*** Material supplied ***

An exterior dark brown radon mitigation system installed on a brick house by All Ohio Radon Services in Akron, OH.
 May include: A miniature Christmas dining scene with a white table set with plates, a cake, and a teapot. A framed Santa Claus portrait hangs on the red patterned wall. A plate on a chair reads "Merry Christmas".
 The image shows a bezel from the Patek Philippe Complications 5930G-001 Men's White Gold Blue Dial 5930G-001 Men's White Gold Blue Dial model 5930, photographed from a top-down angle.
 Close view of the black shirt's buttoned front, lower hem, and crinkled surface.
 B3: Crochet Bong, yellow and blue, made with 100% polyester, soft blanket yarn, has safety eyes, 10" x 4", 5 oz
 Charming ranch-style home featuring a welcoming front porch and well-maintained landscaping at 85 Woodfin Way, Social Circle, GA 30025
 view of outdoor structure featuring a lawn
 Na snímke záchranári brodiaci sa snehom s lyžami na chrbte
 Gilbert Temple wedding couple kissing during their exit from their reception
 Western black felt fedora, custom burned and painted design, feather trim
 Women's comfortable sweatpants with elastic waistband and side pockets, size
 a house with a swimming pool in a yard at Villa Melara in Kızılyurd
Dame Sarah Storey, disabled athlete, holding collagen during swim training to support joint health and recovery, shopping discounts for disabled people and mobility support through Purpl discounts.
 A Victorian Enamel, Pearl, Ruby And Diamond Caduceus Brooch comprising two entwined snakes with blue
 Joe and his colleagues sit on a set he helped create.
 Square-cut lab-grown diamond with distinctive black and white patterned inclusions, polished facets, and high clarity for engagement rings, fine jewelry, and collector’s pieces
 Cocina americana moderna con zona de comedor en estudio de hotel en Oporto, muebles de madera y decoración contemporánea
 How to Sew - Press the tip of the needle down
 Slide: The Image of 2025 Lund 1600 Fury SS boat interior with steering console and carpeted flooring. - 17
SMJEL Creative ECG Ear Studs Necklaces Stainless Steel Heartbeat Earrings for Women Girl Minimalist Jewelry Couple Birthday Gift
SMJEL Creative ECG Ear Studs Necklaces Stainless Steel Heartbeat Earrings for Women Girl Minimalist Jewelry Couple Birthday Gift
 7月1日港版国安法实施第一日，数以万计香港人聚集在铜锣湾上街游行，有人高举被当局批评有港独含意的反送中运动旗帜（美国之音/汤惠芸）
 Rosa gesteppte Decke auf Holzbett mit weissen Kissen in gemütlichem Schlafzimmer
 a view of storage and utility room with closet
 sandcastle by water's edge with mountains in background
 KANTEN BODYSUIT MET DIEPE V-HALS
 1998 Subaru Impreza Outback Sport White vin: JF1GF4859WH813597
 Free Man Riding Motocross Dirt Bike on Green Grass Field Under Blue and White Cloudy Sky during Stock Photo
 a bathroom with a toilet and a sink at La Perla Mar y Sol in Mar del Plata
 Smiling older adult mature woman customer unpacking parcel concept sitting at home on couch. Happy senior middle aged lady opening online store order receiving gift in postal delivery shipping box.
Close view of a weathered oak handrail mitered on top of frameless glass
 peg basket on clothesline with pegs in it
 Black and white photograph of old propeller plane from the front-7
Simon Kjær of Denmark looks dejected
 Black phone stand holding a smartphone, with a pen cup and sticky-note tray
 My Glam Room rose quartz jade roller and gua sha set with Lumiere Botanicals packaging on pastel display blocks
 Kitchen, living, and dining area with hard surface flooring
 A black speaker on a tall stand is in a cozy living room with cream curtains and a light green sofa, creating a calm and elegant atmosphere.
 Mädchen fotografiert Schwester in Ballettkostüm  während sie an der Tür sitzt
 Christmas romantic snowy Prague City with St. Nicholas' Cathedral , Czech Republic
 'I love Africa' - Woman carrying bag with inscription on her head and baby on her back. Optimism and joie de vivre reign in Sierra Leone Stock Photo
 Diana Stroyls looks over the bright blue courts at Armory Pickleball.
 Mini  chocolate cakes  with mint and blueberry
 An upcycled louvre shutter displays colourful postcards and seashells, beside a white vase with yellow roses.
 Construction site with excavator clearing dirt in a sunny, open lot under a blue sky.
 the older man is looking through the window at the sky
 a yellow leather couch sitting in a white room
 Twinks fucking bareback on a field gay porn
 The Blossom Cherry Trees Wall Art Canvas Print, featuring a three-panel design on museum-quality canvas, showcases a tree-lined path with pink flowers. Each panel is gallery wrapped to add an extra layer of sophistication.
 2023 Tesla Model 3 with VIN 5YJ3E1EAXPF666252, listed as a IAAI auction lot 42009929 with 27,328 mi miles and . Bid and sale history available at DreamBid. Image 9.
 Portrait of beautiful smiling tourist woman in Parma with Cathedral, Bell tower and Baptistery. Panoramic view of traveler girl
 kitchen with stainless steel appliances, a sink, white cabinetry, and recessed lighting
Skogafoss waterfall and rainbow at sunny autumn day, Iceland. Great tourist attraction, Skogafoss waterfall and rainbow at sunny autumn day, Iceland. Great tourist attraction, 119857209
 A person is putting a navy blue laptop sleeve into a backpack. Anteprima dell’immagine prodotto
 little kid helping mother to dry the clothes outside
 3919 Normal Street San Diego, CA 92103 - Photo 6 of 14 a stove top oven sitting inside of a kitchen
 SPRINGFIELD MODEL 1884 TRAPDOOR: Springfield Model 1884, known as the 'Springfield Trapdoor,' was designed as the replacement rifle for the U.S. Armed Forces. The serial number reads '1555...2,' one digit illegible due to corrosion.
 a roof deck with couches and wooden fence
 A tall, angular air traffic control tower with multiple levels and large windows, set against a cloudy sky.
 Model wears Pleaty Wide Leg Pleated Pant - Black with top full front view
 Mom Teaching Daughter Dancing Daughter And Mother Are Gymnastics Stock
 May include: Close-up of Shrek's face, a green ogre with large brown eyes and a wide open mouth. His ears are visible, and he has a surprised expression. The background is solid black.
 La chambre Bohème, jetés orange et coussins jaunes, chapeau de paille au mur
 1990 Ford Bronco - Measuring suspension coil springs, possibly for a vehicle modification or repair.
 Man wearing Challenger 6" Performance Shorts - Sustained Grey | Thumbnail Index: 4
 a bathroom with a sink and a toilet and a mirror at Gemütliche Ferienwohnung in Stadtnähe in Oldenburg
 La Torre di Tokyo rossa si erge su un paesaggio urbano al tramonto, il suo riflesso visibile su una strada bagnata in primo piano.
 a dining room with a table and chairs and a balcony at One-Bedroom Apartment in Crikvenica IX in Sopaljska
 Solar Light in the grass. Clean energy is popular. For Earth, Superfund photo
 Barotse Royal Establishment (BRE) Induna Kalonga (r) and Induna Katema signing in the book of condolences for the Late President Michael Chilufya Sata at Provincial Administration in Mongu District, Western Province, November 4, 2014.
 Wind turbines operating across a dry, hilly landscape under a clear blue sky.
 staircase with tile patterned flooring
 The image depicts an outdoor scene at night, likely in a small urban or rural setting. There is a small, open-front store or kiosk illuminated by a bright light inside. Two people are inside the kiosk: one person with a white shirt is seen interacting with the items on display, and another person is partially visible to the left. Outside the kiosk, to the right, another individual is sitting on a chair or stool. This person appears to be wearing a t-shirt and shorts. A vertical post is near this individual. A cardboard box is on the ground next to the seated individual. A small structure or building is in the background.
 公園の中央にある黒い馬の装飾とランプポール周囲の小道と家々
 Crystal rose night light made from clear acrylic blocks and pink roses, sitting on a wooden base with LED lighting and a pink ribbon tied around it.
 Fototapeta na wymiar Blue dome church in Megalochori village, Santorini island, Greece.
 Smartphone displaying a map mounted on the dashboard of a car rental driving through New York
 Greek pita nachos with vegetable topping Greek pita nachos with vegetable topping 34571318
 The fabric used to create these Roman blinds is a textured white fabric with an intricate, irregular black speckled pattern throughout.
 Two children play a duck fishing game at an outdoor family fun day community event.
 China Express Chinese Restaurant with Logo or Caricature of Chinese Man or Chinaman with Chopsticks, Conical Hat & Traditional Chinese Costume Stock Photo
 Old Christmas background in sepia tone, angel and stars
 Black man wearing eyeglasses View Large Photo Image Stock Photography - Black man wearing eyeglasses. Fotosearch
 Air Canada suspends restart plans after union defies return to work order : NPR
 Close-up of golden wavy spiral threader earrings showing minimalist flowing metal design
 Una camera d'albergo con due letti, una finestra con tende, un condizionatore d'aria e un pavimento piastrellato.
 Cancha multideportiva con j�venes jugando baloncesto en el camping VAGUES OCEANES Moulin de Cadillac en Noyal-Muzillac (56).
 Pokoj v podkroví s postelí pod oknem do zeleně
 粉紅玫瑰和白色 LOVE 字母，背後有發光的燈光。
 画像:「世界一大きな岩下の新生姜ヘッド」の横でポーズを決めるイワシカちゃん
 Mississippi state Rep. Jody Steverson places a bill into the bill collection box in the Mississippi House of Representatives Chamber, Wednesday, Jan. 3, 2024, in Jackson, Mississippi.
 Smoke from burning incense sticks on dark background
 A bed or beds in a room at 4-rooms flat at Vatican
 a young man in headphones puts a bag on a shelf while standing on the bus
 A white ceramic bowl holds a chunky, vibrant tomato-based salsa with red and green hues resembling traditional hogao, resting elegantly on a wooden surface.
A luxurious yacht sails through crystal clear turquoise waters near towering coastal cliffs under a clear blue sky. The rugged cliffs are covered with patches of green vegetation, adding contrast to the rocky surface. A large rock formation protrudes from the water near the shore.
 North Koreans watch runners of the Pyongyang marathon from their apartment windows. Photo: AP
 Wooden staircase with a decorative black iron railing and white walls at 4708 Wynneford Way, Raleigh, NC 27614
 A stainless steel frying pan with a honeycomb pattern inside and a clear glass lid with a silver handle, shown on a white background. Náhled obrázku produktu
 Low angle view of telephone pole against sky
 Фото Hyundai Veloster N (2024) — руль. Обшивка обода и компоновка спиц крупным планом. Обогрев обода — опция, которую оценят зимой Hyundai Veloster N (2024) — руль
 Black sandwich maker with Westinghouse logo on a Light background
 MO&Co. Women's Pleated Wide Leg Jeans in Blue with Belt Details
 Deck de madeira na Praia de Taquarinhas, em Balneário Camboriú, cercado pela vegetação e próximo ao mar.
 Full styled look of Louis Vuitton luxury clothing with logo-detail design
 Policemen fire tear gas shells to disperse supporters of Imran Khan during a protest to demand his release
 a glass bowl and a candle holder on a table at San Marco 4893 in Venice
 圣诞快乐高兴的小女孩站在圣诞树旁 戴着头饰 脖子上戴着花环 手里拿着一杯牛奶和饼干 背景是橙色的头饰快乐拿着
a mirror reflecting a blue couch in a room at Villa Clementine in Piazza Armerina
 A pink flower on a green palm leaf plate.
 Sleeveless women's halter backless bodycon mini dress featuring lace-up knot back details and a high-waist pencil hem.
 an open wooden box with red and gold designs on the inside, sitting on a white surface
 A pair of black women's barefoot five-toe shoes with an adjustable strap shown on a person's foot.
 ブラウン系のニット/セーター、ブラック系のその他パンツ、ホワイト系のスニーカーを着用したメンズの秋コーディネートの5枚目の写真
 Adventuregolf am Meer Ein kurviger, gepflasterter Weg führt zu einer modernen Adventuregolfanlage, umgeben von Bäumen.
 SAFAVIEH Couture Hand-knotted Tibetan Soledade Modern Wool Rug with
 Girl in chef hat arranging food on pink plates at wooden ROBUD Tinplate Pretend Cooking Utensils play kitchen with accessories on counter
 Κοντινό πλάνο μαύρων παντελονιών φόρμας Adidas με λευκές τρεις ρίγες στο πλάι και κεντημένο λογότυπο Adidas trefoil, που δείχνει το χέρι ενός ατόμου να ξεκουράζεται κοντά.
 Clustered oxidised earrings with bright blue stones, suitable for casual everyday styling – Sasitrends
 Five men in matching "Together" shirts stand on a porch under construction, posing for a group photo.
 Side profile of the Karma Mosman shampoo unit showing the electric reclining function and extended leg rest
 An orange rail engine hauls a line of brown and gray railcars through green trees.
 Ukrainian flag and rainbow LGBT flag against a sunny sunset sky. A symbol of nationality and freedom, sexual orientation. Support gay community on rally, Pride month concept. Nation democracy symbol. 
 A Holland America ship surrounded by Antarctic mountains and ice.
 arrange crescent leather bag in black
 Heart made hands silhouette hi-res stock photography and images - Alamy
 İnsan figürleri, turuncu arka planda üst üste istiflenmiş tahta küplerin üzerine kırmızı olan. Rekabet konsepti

***

# Exercise aim
Copy range, inclusive: the line holding "How to Sew - Press" to the line holding "a bathroom with a toilet". Reproduce exactly those lines of the records above and no others.

# Response to the exercise
 How to Sew - Press the tip of the needle down
 Slide: The Image of 2025 Lund 1600 Fury SS boat interior with steering console and carpeted flooring. - 17
SMJEL Creative ECG Ear Studs Necklaces Stainless Steel Heartbeat Earrings for Women Girl Minimalist Jewelry Couple Birthday Gift
SMJEL Creative ECG Ear Studs Necklaces Stainless Steel Heartbeat Earrings for Women Girl Minimalist Jewelry Couple Birthday Gift
 7月1日港版国安法实施第一日，数以万计香港人聚集在铜锣湾上街游行，有人高举被当局批评有港独含意的反送中运动旗帜（美国之音/汤惠芸）
 Rosa gesteppte Decke auf Holzbett mit weissen Kissen in gemütlichem Schlafzimmer
 a view of storage and utility room with closet
 sandcastle by water's edge with mountains in background
 KANTEN BODYSUIT MET DIEPE V-HALS
 1998 Subaru Impreza Outback Sport White vin: JF1GF4859WH813597
 Free Man Riding Motocross Dirt Bike on Green Grass Field Under Blue and White Cloudy Sky during Stock Photo
 a bathroom with a toilet and a sink at La Perla Mar y Sol in Mar del Plata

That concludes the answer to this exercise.